Dallas’ skyline is something both magnificent and overwhelming. Futuristic skyscrapers shoot up toward the sky, creating an ever-evolving view among miles of rolling plains. As the sun sets, the city transforms as a kaleidoscope of colors permeate the night sky.
Proposed in the late 1960s by urban planner Vincent Ponte, the Dallas Pedestrian Network is a long debated piece of Dallas history. First built as a way for pedestrians to avoid the blistering summer heat and frustrating downtown traffic, the network is now mainly abandoned. For those interested in unearthing a long-lasting piece of history, duck into an office building to explore miles of underground tunnels and skywalks that connect some of downtown’s largest buildings, hotels, and residences.

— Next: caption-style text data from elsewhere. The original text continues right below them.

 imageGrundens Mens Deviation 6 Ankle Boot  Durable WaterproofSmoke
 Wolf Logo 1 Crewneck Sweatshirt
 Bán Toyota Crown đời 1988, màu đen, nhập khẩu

Campisi’s has been a Dallas favorite since its opening in 1946. Although the restaurant serves delicious Italian food, it is most well known for its owner’s connections to organized crime. Jack Ruby, who famously and fatally shot alleged Kennedy assassin Lee Harvey Oswald, ate at Campisi’s the day before the murder. Owner Joseph Campisi and his wife were Ruby’s first visitors in prison. Conspiracy theorist or not, head on down for a pizza and marvel at this captivating historical spot.

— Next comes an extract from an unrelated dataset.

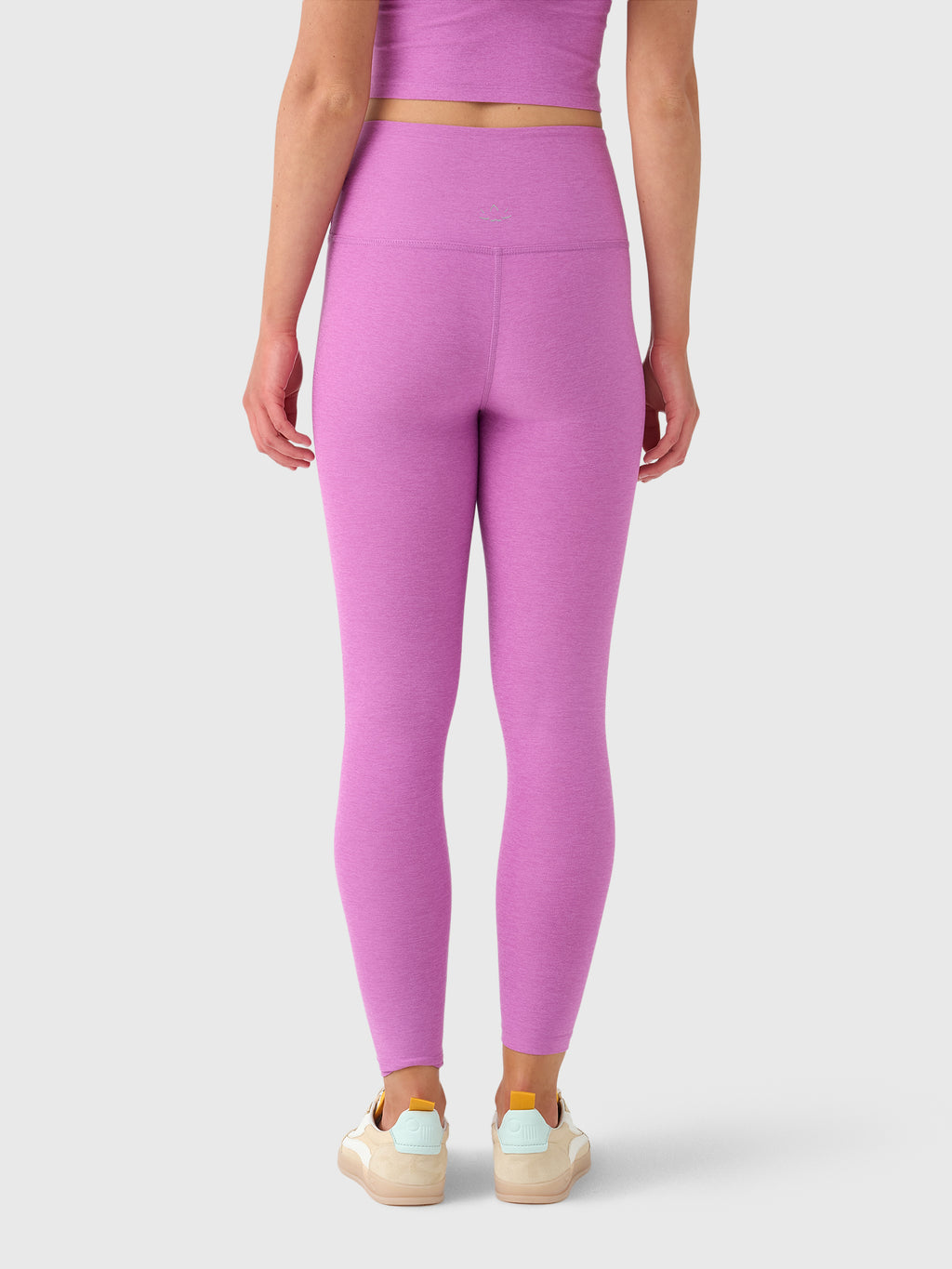 Beyond Yoga Women's Spacedye Caught In The Midi High Waisted Legging - Saint Bernard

Campisi’s Restaurant, 5610 E Mockingbird Lane, Dallas, TX, USA, +1 214 827 0355
Dallas’s most infamous duo, Bonnie and Clyde first met at a friend’s home in West Dallas. From 1931–1934, the young Ms. Parker and Mr. Barrow terrorized the country with their gang. The pair was killed in the early morning hours of May 23, 1934, during a police ambush in Louisiana. Although they wished to be buried together, the Parker family wasn’t as keen.
Western Heights Cemetery, 1617 Fort Worth Ave, Dallas, TX, USA (final resting place of Clyde Barrow)
Crown Hill Memorial Park, 9718 Webb Chapel Rd, Dallas, TX, USA (final resting place of Bonnie Parker)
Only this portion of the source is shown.